### What to work on:
Beginning at the line containing "COBALT BLUE GLASS VASE." in the material below and ending at the line containing "38.99$ NIKE gallery", return each line exactly and add nothing.

### Source material:
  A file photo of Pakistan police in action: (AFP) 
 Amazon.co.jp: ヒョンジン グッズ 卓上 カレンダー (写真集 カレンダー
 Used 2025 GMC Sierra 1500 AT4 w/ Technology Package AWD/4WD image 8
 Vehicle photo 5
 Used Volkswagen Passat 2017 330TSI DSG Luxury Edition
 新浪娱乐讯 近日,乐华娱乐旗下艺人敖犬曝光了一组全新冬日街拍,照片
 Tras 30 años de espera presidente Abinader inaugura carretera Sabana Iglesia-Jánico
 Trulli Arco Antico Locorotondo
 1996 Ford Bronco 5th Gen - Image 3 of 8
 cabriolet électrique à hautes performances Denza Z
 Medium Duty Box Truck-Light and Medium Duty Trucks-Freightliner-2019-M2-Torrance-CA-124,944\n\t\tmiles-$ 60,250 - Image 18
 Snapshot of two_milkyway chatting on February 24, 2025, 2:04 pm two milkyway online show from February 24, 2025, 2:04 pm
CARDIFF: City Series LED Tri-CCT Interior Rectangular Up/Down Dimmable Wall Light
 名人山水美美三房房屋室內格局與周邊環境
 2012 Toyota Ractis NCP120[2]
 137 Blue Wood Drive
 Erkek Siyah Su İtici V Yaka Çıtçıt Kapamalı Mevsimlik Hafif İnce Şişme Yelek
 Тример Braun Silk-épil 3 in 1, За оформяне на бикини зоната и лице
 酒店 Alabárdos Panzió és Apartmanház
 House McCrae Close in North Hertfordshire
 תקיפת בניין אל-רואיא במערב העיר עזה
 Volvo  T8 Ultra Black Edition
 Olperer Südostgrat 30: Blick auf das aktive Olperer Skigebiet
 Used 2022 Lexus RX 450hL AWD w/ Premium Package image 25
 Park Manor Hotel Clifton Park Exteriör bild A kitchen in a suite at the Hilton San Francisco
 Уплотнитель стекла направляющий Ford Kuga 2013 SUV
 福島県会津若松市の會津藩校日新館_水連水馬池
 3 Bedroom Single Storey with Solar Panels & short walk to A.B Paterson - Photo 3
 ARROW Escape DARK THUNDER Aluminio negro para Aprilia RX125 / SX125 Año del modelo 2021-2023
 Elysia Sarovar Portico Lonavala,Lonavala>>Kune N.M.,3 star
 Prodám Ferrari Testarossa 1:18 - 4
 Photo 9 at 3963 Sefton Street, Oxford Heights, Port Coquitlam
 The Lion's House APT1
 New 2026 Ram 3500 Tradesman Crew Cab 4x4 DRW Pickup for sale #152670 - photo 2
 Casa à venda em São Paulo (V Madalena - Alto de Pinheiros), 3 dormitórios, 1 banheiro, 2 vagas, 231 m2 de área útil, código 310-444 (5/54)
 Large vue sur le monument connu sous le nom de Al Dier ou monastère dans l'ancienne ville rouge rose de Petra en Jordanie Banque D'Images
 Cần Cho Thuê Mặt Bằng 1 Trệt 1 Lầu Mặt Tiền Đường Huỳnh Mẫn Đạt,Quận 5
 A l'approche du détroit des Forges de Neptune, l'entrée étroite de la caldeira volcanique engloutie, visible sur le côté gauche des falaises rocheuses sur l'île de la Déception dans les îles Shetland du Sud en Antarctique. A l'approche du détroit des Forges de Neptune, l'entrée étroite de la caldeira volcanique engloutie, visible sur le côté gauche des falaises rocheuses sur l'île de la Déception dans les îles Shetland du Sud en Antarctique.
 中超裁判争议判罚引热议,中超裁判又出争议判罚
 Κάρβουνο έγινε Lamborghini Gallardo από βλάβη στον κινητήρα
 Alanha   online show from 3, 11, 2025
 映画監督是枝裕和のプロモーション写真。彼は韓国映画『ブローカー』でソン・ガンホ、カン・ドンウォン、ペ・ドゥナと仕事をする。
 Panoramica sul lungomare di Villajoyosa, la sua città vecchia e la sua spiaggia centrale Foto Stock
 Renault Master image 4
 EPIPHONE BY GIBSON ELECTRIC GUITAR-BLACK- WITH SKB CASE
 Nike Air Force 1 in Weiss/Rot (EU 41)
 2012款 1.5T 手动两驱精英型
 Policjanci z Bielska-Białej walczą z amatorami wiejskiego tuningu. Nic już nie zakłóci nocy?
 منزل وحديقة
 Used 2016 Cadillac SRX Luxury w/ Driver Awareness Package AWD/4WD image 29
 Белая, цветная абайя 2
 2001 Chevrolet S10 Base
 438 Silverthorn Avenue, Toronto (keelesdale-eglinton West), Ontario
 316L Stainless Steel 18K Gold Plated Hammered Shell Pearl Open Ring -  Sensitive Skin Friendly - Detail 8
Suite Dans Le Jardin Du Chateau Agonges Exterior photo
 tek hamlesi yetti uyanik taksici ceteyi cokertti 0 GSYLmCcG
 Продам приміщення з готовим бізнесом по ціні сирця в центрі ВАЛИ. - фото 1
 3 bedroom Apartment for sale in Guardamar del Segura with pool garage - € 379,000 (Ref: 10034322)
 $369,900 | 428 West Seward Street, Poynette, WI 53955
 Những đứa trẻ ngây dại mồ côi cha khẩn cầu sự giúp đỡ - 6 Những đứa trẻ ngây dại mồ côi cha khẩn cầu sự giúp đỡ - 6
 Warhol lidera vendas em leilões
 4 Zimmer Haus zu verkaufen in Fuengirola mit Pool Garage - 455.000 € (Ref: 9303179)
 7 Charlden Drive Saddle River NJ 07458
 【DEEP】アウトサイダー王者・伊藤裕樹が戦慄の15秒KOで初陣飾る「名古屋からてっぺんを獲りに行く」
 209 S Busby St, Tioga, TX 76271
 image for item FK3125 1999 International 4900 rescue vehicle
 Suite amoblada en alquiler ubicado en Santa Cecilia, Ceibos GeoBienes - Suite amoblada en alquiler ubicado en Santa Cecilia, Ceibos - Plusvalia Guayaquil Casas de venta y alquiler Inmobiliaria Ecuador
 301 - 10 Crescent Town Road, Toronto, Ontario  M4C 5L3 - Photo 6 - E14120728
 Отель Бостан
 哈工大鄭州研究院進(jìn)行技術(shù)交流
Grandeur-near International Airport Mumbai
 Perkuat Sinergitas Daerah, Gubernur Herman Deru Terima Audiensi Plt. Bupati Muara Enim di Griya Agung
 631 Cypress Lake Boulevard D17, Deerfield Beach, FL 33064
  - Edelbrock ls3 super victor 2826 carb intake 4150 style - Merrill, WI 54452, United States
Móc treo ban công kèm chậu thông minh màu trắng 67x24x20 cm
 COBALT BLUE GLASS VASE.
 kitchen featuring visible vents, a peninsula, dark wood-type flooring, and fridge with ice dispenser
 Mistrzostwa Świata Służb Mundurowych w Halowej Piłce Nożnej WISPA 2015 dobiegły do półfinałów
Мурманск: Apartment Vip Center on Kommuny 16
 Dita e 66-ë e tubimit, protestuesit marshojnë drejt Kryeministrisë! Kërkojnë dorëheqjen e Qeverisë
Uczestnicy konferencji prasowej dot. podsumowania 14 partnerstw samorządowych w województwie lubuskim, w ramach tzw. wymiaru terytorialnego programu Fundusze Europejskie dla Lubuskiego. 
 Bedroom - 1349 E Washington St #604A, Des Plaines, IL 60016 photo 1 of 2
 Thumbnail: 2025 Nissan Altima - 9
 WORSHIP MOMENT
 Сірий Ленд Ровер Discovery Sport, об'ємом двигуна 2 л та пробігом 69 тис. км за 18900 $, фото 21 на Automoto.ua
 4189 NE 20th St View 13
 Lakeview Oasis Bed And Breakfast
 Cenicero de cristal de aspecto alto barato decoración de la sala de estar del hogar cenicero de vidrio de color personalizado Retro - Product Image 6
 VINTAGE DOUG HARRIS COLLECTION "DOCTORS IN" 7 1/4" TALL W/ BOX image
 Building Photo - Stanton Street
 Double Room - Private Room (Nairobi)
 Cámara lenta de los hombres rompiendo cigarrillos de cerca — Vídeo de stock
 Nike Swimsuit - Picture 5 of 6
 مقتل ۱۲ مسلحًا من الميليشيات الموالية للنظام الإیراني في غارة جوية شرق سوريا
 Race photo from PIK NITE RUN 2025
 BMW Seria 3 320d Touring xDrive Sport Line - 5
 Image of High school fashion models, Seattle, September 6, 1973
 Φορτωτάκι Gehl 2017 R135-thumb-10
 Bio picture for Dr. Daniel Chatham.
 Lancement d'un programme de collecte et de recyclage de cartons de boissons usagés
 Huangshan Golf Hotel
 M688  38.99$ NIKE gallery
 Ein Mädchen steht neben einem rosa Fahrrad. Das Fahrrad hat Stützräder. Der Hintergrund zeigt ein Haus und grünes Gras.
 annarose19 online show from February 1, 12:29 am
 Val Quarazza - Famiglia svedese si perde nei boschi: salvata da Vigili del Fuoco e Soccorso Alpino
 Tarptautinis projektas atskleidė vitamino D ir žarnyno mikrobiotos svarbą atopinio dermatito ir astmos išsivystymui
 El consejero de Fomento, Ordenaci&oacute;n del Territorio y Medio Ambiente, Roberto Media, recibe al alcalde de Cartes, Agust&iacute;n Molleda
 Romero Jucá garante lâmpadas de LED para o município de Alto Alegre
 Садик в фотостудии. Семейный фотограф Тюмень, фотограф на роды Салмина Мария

### Result of this task:
 COBALT BLUE GLASS VASE.
 kitchen featuring visible vents, a peninsula, dark wood-type flooring, and fridge with ice dispenser
 Mistrzostwa Świata Służb Mundurowych w Halowej Piłce Nożnej WISPA 2015 dobiegły do półfinałów
Мурманск: Apartment Vip Center on Kommuny 16
 Dita e 66-ë e tubimit, protestuesit marshojnë drejt Kryeministrisë! Kërkojnë dorëheqjen e Qeverisë
Uczestnicy konferencji prasowej dot. podsumowania 14 partnerstw samorządowych w województwie lubuskim, w ramach tzw. wymiaru terytorialnego programu Fundusze Europejskie dla Lubuskiego. 
 Bedroom - 1349 E Washington St #604A, Des Plaines, IL 60016 photo 1 of 2
 Thumbnail: 2025 Nissan Altima - 9
 WORSHIP MOMENT
 Сірий Ленд Ровер Discovery Sport, об'ємом двигуна 2 л та пробігом 69 тис. км за 18900 $, фото 21 на Automoto.ua
 4189 NE 20th St View 13
 Lakeview Oasis Bed And Breakfast
 Cenicero de cristal de aspecto alto barato decoración de la sala de estar del hogar cenicero de vidrio de color personalizado Retro - Product Image 6
 VINTAGE DOUG HARRIS COLLECTION "DOCTORS IN" 7 1/4" TALL W/ BOX image
 Building Photo - Stanton Street
 Double Room - Private Room (Nairobi)
 Cámara lenta de los hombres rompiendo cigarrillos de cerca — Vídeo de stock
 Nike Swimsuit - Picture 5 of 6
 مقتل ۱۲ مسلحًا من الميليشيات الموالية للنظام الإیراني في غارة جوية شرق سوريا
 Race photo from PIK NITE RUN 2025
 BMW Seria 3 320d Touring xDrive Sport Line - 5
 Image of High school fashion models, Seattle, September 6, 1973
 Φορτωτάκι Gehl 2017 R135-thumb-10
 Bio picture for Dr. Daniel Chatham.
 Lancement d'un programme de collecte et de recyclage de cartons de boissons usagés
 Huangshan Golf Hotel
 M688  38.99$ NIKE gallery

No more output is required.